In [1]:
from google.colab import drive
drive.mount('/content/drive')

Mounted at /content/drive


In [22]:
import pandas as pd
import networkx as nx
dataFrame = pd.read_csv("/content/drive/MyDrive/GCN Classification/citation_sentiment_corpus.txt", sep = "	", header = None)
dataFrame.columns = ["Source_PaperID", "Target_PaperID", "Sentiment", "Citation_text"]
dataFrame.Sentiment = dataFrame.Sentiment.replace({"o": 1,"p": 2,"n": 0})

In [37]:
Source = dataFrame['Source_PaperID']
Target = dataFrame['Target_PaperID']
Sentiment = dataFrame['Sentiment']
G = nx.DiGraph(directed=True)
edges = pd.DataFrame(
    {
        "source": Source,
        "target": Target,
    }
)
G = nx.from_pandas_edgelist(edges,create_using=nx.DiGraph())

In [38]:
leaderboard = {}
for x in G.nodes:
 leaderboard[x] = len(G[x])
s = pd.Series(leaderboard, name='Citations')
citation_counts = s.to_frame().sort_values('Citations', ascending=False)
citation_counts.value_counts()

Citations
1            1785
2             703
3             295
4             121
0              77
5              59
6              19
7               7
8               3
dtype: int64

In [39]:
citation_counts = citation_counts.reset_index(level=0)
citation_counts.columns = ['Node', 'Citations']
citation_counts.head()

Unnamed: 0,Node,Citations
0,W08-0306,8
1,N09-1058,8
2,D07-1070,8
3,N09-1049,7
4,P08-1068,7


In [40]:
zero_list = []
for i,j in zip(citation_counts['Node'], citation_counts['Citations']):
    if(j == 0):
      
        zero_list.append(i)
G.remove_nodes_from(zero_list)

In [41]:
len(G.nodes())

2992

In [8]:
import random
from tqdm import tqdm


def parallel_generate_walks(d_graph: dict, global_walk_length: int, num_walks: int, cpu_num: int,
                            sampling_strategy: dict = None, num_walks_key: str = None, walk_length_key: str = None,
                            neighbors_key: str = None, probabilities_key: str = None, first_travel_key: str = None,
                            quiet: bool = False) -> list:
    """
    Generates the random walks which will be used as the skip-gram input.
    :return: List of walks. Each walk is a list of nodes.
    """

    walks = list()

    if not quiet:
        pbar = tqdm(total=num_walks, desc='Generating walks (CPU: {})'.format(cpu_num))

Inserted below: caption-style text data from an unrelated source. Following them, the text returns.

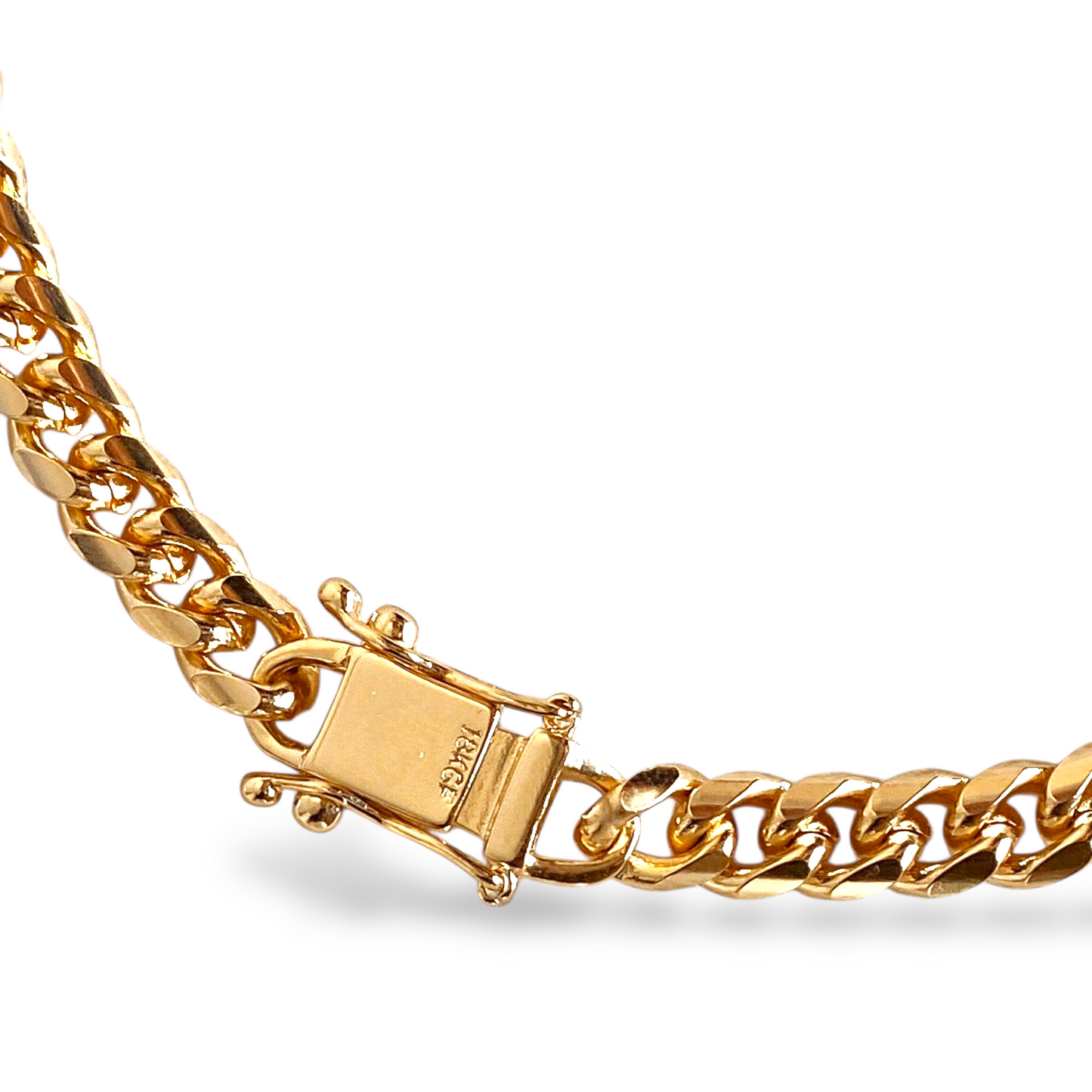 7mm Chunky Cuban 18K Gold Filled Bracelet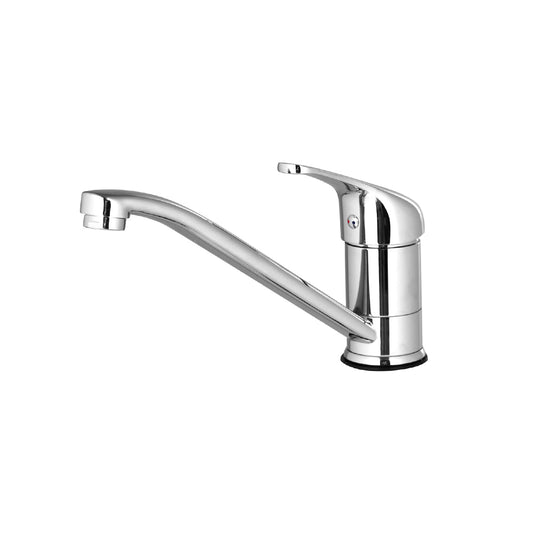 Silver basin mixer tap with 82h41 cefito si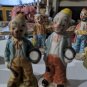Vintage 11 Clowns Figurines Collection Lot Made In Taiwan Aprox 5" tall each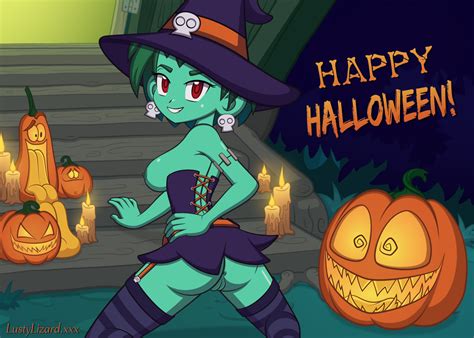 Halloween Witch Rottytops Pin Up By Thelustylizard Hentai Foundry
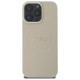 Guess Grained Gold Ring MagSafe Case for iPhone 16 Pro Max - Beige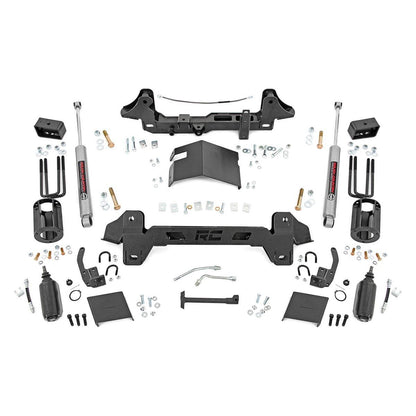 Rough Country Strut Spacers w/N3 Rear Shocks 6 Inch Lift Kit I 74130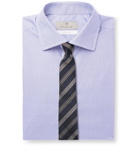 Canali - Blue Puppytooth Cotton-Poplin Shirt - Blue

    for n_walk in range(num_walks):

        # Update progress bar
        if not quiet:
            pbar.update(1)

        # Shuffle the nodes
        shuffled_nodes = list(d_graph.keys())
        random.shuffle(shuffled_nodes)

        # Start a random walk from every node
        for source in shuffled_nodes:

            # Skip nodes with specific num_walks
            if source in sampling_strategy and \
                    num_walks_key in sampling_strategy[source] and \
                    sampling_strategy[source][num_walks_key] <= n_walk:
                continue

            # Start walk
            walk = [source]

            # Calculate walk length
            if source in sampling_strategy:
                walk_length = sampling_strategy[source].get(walk_length_key, global_walk_length)
            else:
                walk_length = global_walk_length

            # Perform walk
            while len(walk) < walk_length:

                walk_options = d_graph[walk[-1]].get(neighbors_key, None)

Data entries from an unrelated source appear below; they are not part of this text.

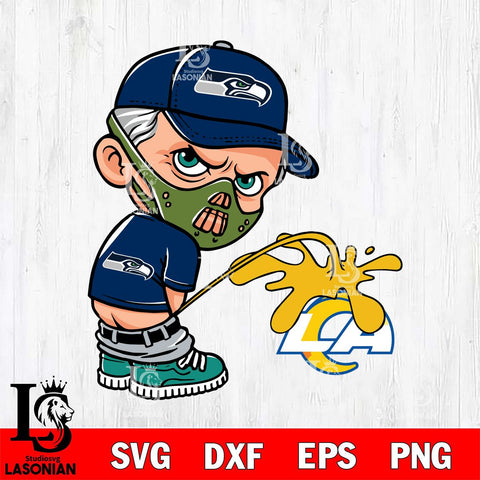 Seattle Seahawks Hannibal Lecter Piss On Los Angeles Rams Svg Eps Dxf Png File, Digital Download, Instant Download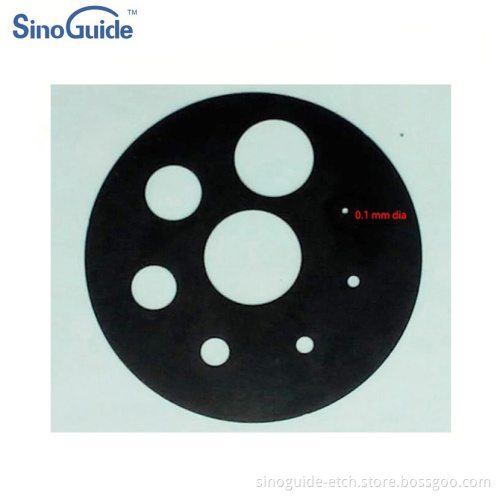 Quality Standards Manufacturing Metal Photo Etching 100um Dia Small Hole Air Slit
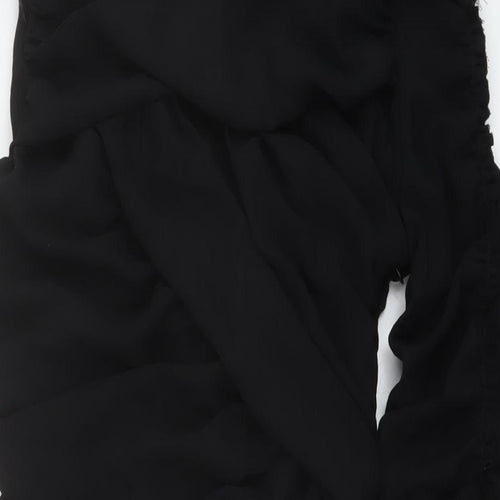 Zara Womens Black Polyester Mini Size M Square Neck Zip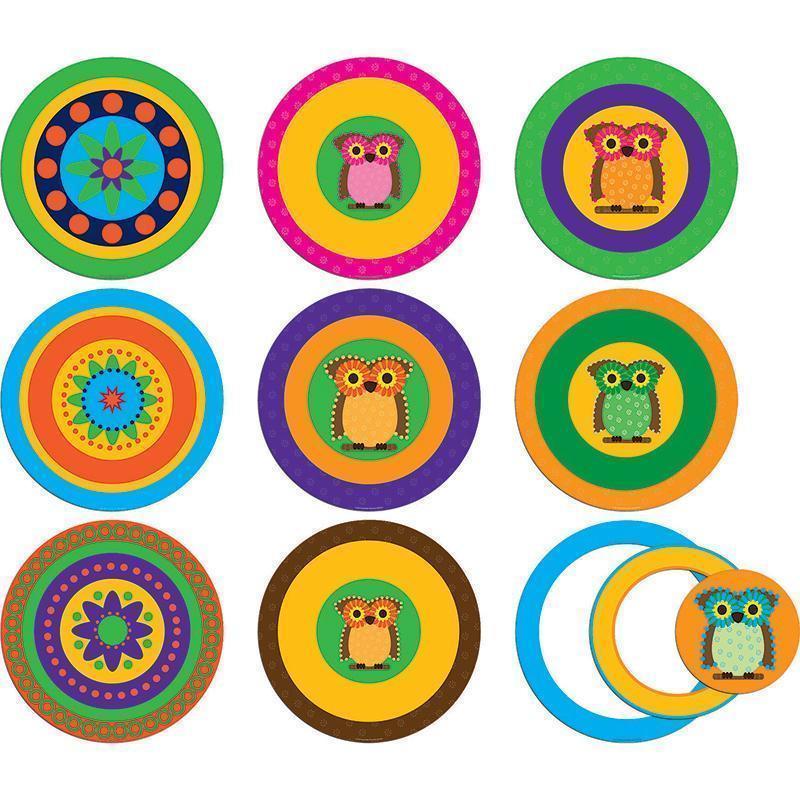 POP OUTS WITH PIZZAZZ MOD CIRCLES-Learning Materials-JadeMoghul Inc.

                # Skip dead end nodes
                if not walk_options:
                    break

                if len(walk) == 1:  # For the first step
                    probabilities = d_graph[walk[-1]][first_travel_key]
                    walk_to = random.choices(walk_options, weights=probabilities)[0]
                else:
                    probabilities = d_graph[walk[-1]][probabilities_key][walk[-2]]
                    walk_to = random.choices(walk_options, weights=probabilities)[0]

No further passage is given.